Do you live in a community property state?
Arizona, California, Idaho, Louisiana, Nevada, New Mexico, Texas, Washington, and Wisconsin are all community property states. In a community property state, everything a spouse owns before the marriage, including debts, will be granted to that spouse during a divorce. Everything the couple acquires during the marriage, however, will be split equally between them.
Did you take out your loan before the marriage?
Deepa Menon, a San Francisco, Calif.-based lawyer with Rocket Lawyer, told loans.org that if one spouse owned the car before the marriage, then they’ll be granted the car during the divorce.

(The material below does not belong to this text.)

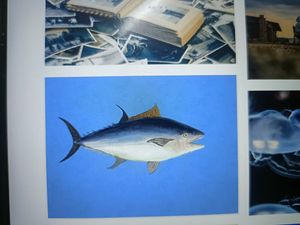 Ashish Test Company's Exhilarating Backcountry Fishing Adventure with Expert Guide Ashish Bh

However, if both spouses paid for the car during the marriage, the spouse who does not receive the car is entitled to be reimbursed.
“If during the course of the marriage you’ve been using joint funds, or perhaps your spouse’s funds to pay the car loan, there’s a right to reimbursement there,” Menon said.
Payments made towards the auto loan from joint accounts have to be taken into consideration when assets are divided between the couple.
Did you take out the loan during the marriage?
If the car loan was taken out during the marriage, however, then both parties have a right to the car.
“If you obtain the car loan during the marriage, that is what’s considered community debt and it belongs to the divorcing parties 50/50,” Menon said.
During a divorce in a community property state like California, the couple, their lawyers, or a judge will assign all assets a monetary value and try to split the assets evenly between the two parties.
Menon said there is one exception to this rule. If a couple’s debts outweigh their assets, then a judge will most likely hand the loan over to the spouse in a better position to repay the debt. Luckily, it’s rare for a spouse to be put in charge of the auto loan without also receiving the car.